Puns 4

It's a bad week for the stock market. Helium was up, but feathers were down. Paper was stationary, but pencils lost a few points. Elevators rose but escalators continued their slow decline. Switches were off and mining equipment hit rock bottom. The raisin market has dried up. Pampers remained unchanged while Sun peaked at mid-day. Scott tissues touched a new bottom.

What did Frank Sinatra say when someone asked him if he had ever kept wading birds as pets? "Egrets, I've had a few." (thanks to Wayfarer)

No matter how much you push the envelope, it'll still be stationery. (thanks to Jordan Hochmuth)

A man leaned to his right because his right leg was shorter than his left. He finally went to see a surgeon after much insistence from friends.
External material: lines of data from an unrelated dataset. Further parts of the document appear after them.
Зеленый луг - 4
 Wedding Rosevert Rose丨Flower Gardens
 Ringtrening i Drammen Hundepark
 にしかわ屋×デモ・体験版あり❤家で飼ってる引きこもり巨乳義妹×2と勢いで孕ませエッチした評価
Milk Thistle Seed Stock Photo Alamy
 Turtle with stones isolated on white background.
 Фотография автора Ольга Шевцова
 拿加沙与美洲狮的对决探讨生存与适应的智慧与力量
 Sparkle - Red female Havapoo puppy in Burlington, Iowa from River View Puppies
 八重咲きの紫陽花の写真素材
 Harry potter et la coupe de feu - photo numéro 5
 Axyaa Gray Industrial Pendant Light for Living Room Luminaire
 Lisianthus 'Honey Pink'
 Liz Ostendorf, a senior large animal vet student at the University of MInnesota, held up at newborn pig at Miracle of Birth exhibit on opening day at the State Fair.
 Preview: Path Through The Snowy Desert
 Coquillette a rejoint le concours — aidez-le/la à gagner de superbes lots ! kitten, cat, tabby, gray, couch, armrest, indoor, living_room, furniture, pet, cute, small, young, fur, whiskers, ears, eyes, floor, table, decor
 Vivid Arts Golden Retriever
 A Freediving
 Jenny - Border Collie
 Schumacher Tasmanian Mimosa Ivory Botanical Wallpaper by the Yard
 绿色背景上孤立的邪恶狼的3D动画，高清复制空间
Later, one of those friends saw the man walking down the street and noticed that the man's legs were exactly the same length. "See, what did I tell you?", the friend boasted. "You didn't believe the doctor could fix your leg!" The man said, "I stand corrected."

The horse got run over by a car. It's now in stable condition. (thanks to Larry the K)

When a woman sees her first grey hair, she usually thinks she'll dye.

Her boyfriend had a wooden leg, until she broke it off.

He drove his expensive car into a tree and found out how the Mercedes Benz.

He wears glasses during math because it improves division.

A backwards poet writes inverse. (thanks to Jordan Hochmuth)

Did you hear about the guy whose whole left side was cut off? He's all right now.

When the smog lifts in Los Angeles, U C L A.

It was an emotional wedding. Even the cake was in tiers.

There was a farmer who noticed a fly buzzing around the cow's ear while he was milking it. Next thing you know, the fly was in the bucket of milk. The farmer says, "In one ear, and out the udder!"

I entered ten puns in a contest, and I thought I would win, but unfortunately, no pun in ten did.